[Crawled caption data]
◆ ◆ ◆ ◆ ◆
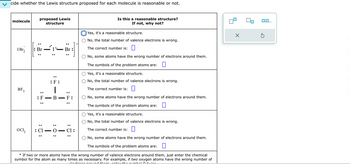cide whether the Lewis structure proposed for each molecule is reasonable or not.
molecule
proposed Lewis
IBr₂
structure
Is this a reasonable structure?
If not, why not?
Yes, it's a reasonable structure.
No, the total number of valence electrons is wrong.
: Br
Br
The correct number is:
BF 3
:
.
:F:
|
: F B
::
: 0 :
ocl2
: Cl
- O
-
..
F:
::
Cl:
No, some atoms have the wrong number of electrons around them.
The symbols of the problem atoms are: ☐
Yes, it's a reasonable structure.
No, the total number of valence electrons is wrong.
The correct number is:
No, some atoms have the wrong number of electrons around them.
The symbols of the problem atoms are:
Yes, it's a reasonable structure.
No, the total number of valence electrons is wrong.
The correct number is:
No, some atoms have the wrong number of electrons around them.
The symbols of the problem atoms are:
*If two or more atoms have the wrong number of valence electrons around them, just enter the chemical
symbol for the atom as many times as necessary. For example, if two oxygen atoms have the wrong number of
0,0,...
ك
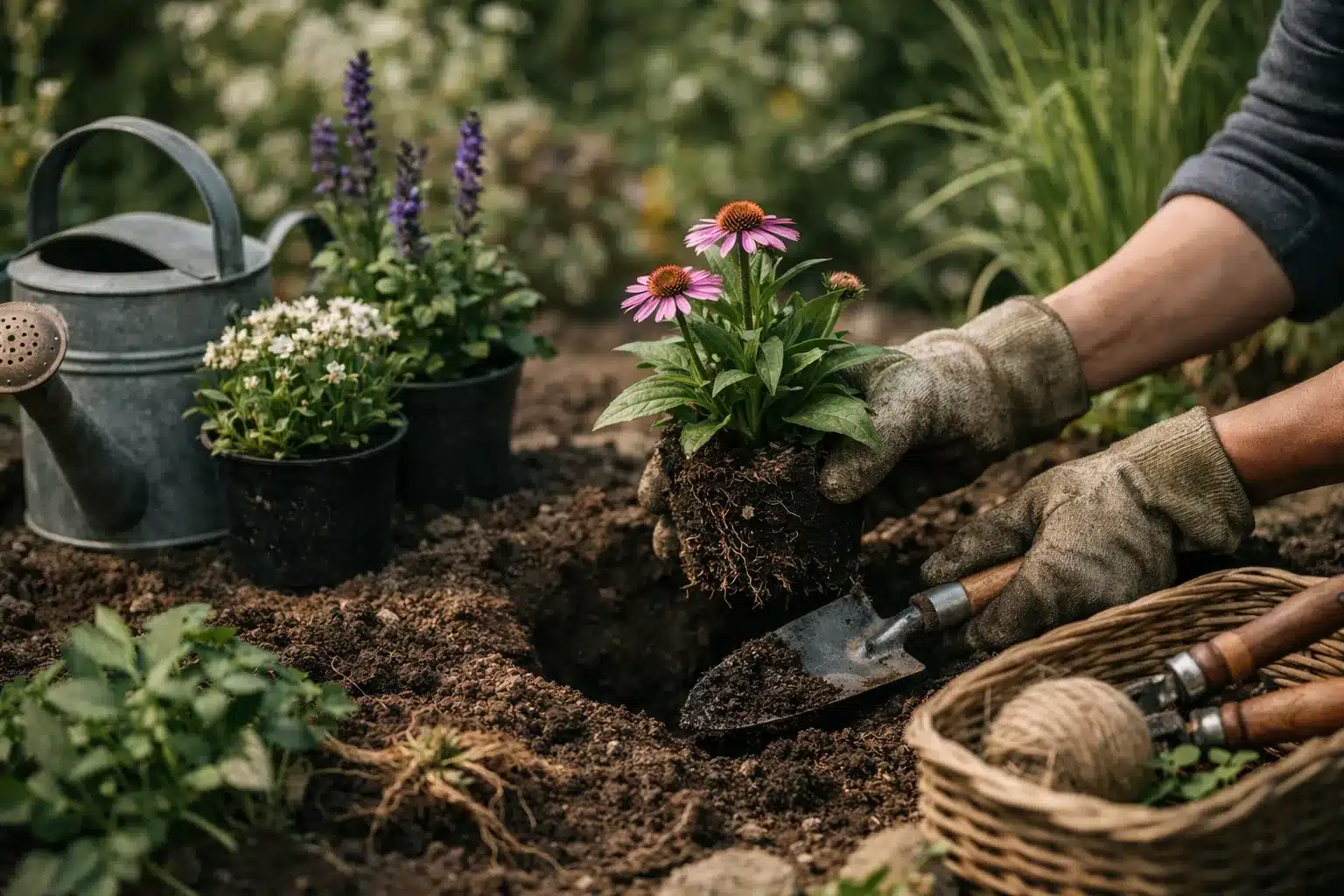 Stauden ins Beet setzen und später pflegen im eingewachsenen Garten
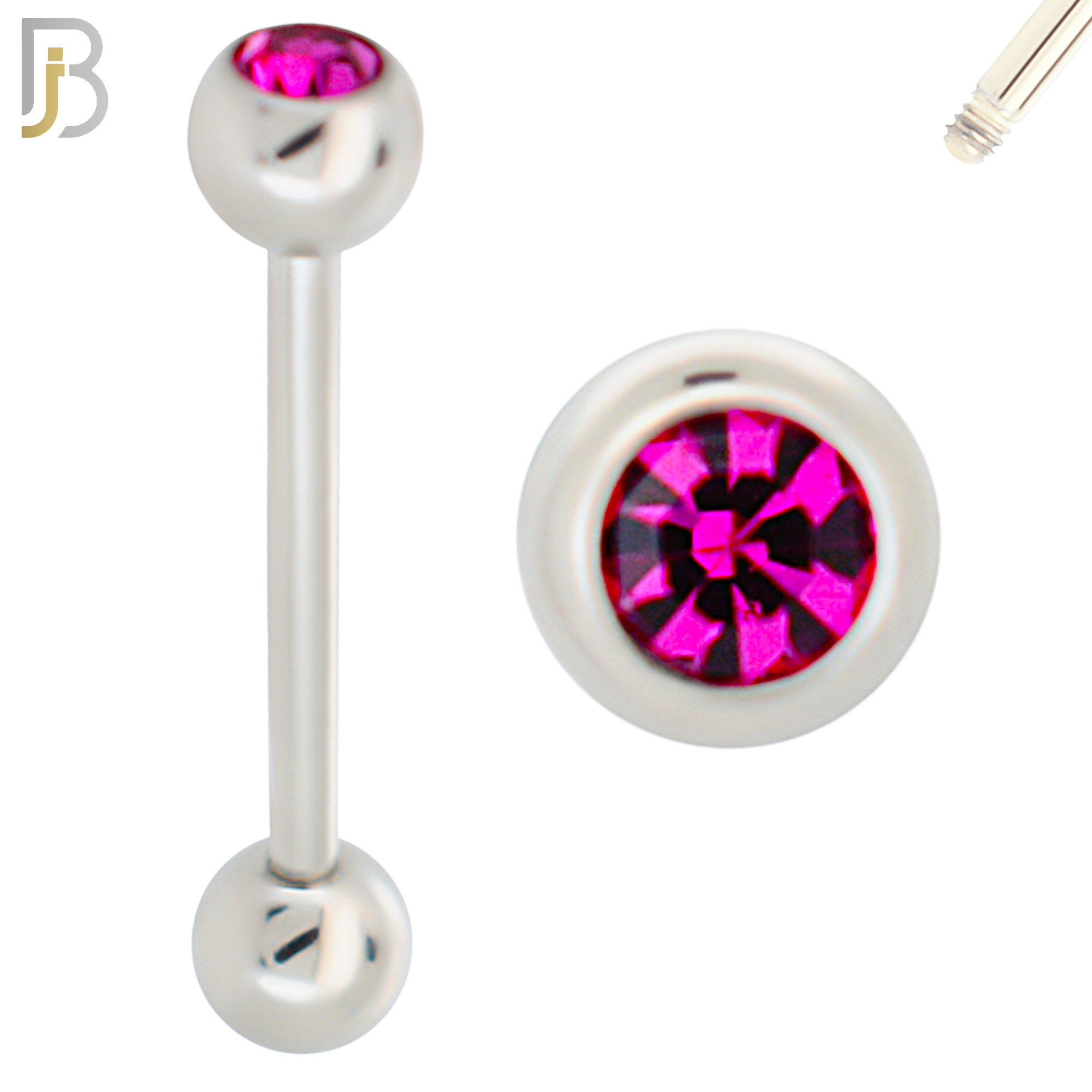 BB05S-5 - 316L Surgical Steel Screw Barbell with 5mm Bezel Ball External Threaded (PACK OF 6) image 2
◆ ◆ ◆ ◆ ◆
- [EXERCISE]: Copy out every entry above word for word; omit the images.

- [RESPONSE TO THE TASK]:
cide whether the Lewis structure proposed for each molecule is reasonable or not.
molecule
proposed Lewis
IBr₂
structure
Is this a reasonable structure?
If not, why not?
Yes, it's a reasonable structure.
No, the total number of valence electrons is wrong.
: Br
Br
The correct number is:
BF 3
:
.
:F:
|
: F B
::
: 0 :
ocl2
: Cl
- O
-
..
F:
::
Cl:
No, some atoms have the wrong number of electrons around them.
The symbols of the problem atoms are: ☐
Yes, it's a reasonable structure.
No, the total number of valence electrons is wrong.
The correct number is:
No, some atoms have the wrong number of electrons around them.
The symbols of the problem atoms are:
Yes, it's a reasonable structure.
No, the total number of valence electrons is wrong.
The correct number is:
No, some atoms have the wrong number of electrons around them.
The symbols of the problem atoms are:
*If two or more atoms have the wrong number of valence electrons around them, just enter the chemical
symbol for the atom as many times as necessary. For example, if two oxygen atoms have the wrong number of
0,0,...
ك
 Stauden ins Beet setzen und später pflegen im eingewachsenen Garten
 BB05S-5 - 316L Surgical Steel Screw Barbell with 5mm Bezel Ball External Threaded (PACK OF 6) image 2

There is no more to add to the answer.